Support static topologies #126

jpsamper2009 · 2017-10-23T21:09:45Z

Feature request

Allow users to define a static topology during rmw_init, such that the system will allocate only as many resources as specified by the user.

Motivation

Currently, ROS2 does not support the use of a static topology: the user gets to specificy exactly how many publishers, subscribers, topics, etc. a node needs, and thus the system allocates for exactly that many -- no more, no less. While Fast-RTPS and RTI Connext Pro do not require this feature, since they allow for dynamic allocation, I foresee that with the introduction of DDS-XCRE and the use of ROS in embedded devices, we will eventually have the need to statically allocate resources during initialization.
While it is possible to over-allocate resources, this solution is obviously not ideal (especially if you are working in a low-resource device).

Feature description

We see two ways to implement this: 1) creating rmw_pre_init() and rmw_post_init() functions or 2) Passing a parameter to rmw_init that would be used to specify the topology.
e.g,:
Option 1

rmw_ret_t rmw_pre_init(rmw_init_options_t * context_ptr) //not necessarily void *
{
  //pre-init stuff here
  return RMW_RET_OK;
}

rmw_ret_t rmw_post_init(rmw_init_options_t * context_ptr) //not necessarily void *
{
  // post-init stuff here
  return RMW_RET_OK;
}

int main(void)
{
  rmw_init_options_t * context_ptr = ...; 
  rmw_ret_t retval = rmw_pre_init(context_ptr);
  // Check for and handle errors
  retval = rmw_init();
  if (ret == RMW_RET_OK) {
    retval = rmw_post_init(context_ptr);
    // Check for and handle errors
  } else {
    // error handling...
  }

  return 0;
}

Option 2

rmw_ret_t entry_callback(void * caller_context_ptr)
{
  // do pre-init stuff
  return RMW_RET_OK;
}

rmw_ret_t exit_callback(void * caller_context_ptr, rmw_ret_t current_rmw_init_status)
{
  // do post-init stuff
  return RMW_RET_OK;
}

int main(void)
{
  struct rmw_init_callbacks_t init_callbacks {
    .m_caller_context_ptr = NULL,
    .m_callback_at_rmw_init_entry = &entry_callback,
    .m_callback_at_rmw_init_exit = &exit_callback
  };

  rmw_ret_t ret = rmw_init(init_callbacks); // new rmw_init
  // error handling...

  return 0;
}

rmw_ret_t rmw_init(const rmw_init_callbacks_t *  callback_ptr) // new rmw_init
{
  rmw_ret_t retval = RMW_RET_ERROR;
  retval = callback_ptr->m_callback_at_rmw_init_entry(callback_ptr->m_caller_context_ptr);
  // check for and handle errors
  retval = old_rmw_init(); //old rmw_init
  // check for and handle errors 
  retval = callback_ptr->m_callback_at_rmw_init_exit(callback_ptr->m_caller_context_ptr, retval);
  // check for and handle errors
  return retval
}

** Credit to @wjwwood @serge-nikulin for the original examples (which I may have bastardized when I elaborated on them)

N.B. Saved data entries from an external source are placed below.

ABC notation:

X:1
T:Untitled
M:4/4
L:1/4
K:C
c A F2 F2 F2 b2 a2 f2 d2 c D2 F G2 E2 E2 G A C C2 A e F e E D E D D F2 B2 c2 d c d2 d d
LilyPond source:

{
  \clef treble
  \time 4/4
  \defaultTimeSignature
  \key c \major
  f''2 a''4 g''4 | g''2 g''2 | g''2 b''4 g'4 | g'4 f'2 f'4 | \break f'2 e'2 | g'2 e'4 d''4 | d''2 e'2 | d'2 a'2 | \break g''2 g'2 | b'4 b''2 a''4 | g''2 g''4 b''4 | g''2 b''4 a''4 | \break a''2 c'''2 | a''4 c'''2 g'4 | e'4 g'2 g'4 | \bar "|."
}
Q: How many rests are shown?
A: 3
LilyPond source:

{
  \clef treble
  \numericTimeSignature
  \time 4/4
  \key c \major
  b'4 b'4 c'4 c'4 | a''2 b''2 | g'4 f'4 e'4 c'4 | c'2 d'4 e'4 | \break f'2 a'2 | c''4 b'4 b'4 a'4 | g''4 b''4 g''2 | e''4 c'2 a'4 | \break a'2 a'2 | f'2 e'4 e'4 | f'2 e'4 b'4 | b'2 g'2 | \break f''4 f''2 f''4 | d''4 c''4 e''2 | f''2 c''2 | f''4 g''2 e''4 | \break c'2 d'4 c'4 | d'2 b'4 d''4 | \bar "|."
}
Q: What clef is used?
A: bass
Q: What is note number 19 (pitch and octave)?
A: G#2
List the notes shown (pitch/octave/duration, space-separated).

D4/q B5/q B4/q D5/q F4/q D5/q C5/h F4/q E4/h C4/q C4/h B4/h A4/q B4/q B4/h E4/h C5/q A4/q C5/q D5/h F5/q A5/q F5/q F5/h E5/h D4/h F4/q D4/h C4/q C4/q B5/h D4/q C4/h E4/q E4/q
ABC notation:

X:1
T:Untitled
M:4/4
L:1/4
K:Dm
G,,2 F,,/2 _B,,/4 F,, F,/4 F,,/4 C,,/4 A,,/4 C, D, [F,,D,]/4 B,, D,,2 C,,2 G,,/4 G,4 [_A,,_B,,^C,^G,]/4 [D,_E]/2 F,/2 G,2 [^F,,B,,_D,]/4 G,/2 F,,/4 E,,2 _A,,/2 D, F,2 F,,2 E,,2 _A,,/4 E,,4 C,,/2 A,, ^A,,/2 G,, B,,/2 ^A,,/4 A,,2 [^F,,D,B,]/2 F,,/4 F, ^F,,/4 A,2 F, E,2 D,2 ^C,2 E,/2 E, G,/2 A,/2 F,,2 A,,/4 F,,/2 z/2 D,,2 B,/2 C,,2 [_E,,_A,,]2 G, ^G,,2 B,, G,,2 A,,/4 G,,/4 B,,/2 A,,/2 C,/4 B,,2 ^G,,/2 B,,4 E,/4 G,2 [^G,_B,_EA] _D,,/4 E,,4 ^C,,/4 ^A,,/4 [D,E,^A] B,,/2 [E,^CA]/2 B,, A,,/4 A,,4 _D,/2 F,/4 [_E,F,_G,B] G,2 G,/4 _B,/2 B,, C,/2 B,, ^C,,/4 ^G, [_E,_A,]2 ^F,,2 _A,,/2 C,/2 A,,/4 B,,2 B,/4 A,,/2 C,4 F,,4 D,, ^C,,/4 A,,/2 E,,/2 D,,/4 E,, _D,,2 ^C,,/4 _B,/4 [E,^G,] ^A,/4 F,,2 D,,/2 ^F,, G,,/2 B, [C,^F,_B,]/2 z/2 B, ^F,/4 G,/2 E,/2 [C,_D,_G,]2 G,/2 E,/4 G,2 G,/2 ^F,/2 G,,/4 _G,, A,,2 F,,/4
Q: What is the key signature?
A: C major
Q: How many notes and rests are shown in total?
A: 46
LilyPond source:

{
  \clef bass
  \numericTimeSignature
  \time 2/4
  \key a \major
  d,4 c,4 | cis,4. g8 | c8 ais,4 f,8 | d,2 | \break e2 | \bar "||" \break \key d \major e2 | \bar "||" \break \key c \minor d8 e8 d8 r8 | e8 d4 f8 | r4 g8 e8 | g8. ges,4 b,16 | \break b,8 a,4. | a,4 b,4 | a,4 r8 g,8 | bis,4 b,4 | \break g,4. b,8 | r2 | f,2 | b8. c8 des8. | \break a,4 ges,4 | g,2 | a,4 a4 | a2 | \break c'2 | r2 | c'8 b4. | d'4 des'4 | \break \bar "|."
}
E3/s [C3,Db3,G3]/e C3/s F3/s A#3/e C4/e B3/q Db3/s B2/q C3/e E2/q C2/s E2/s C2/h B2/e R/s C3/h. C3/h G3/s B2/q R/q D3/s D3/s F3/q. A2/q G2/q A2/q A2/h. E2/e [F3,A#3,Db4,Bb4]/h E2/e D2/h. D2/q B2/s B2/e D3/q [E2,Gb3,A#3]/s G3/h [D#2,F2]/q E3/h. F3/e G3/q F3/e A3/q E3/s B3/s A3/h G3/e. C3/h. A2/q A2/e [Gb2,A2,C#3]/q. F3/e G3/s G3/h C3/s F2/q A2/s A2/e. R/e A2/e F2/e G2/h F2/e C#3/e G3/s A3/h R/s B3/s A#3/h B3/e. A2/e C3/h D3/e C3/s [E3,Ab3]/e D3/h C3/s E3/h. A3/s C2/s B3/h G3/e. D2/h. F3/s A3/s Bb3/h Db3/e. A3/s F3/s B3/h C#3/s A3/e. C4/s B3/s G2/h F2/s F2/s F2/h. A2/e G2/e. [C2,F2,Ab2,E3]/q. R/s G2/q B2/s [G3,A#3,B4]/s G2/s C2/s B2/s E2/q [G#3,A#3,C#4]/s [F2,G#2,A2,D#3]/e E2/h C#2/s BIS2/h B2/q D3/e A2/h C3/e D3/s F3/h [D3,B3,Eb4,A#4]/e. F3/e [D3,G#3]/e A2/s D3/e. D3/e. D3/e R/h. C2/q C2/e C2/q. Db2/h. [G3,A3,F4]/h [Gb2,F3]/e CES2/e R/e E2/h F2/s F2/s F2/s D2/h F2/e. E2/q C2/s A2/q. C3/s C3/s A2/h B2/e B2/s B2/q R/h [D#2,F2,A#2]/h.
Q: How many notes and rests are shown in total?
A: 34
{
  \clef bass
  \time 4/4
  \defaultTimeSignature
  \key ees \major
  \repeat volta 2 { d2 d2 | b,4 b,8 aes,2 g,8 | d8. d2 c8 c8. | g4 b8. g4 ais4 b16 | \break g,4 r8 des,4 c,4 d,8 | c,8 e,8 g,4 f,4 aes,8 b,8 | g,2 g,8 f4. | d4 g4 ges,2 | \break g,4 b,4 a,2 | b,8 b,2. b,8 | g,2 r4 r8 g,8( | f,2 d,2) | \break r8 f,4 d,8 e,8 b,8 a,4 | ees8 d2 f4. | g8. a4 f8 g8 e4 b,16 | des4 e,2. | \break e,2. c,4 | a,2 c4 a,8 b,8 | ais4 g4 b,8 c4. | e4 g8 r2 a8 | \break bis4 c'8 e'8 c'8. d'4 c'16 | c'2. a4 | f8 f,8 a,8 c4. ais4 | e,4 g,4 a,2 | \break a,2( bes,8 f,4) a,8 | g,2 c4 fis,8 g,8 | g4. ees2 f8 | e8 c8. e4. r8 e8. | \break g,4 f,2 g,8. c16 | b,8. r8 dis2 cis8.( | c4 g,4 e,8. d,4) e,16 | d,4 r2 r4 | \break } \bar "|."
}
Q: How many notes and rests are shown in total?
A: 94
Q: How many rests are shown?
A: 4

Implementation considerations

Option 1
- Pros;
  1. Backwards-compatible (if you haven't needed to do any pre-init or post-init steps, your code won't have to change).
- Cons:
  1. User code written initially for a dynamic topology will require some changes before it is compatible with the static DDS implementation.
Option 2
- Pros:
  1. When switching from a dynamic to a static topology, the user code will not have to change since the rmw implementation will handle the static allocation of resources. If the users have an idea of what resources are needed, they will be able to specify this in a configuration file, and if they don't, then there can be a default over-allocating configuration that can later be tuned for the specific use-case.
- Cons:
  1. Not backwards-compatible.
At a high-level for the static topology, you would need to specify a graph of how your nodes are connected and what kind of resources they need to communicate (on an edge-by-edge basis). e.g., :
- Number of nodes
- Per node:
  - Number of publishers
  - Number of subscribers
  - Topics
- Per publisher/subscriber:
  - Number of Writers/Readers
  - Number of samples
- Routes between nodes
- QoS settings?

@dejanpan @dirk-thomas @wjwwood @serge-nikulin FYI

dirk-thomas · 2017-10-23T21:32:32Z

Before diving into the various ways these arguments could be passed through the API I want to take a step back and ask the question if this is really a programming time decision. I can imagine scenarios where I program a few nodes but don't need to limit the resources on my development machine. Only when deploying a set of nodes on a target machine (which has to deal with constraint resources) I would like to define the upper boundaries. This kind of use case sounds to me that it should be possible to provide such configuration from the "outside" (instead of within the code calling rmw_init).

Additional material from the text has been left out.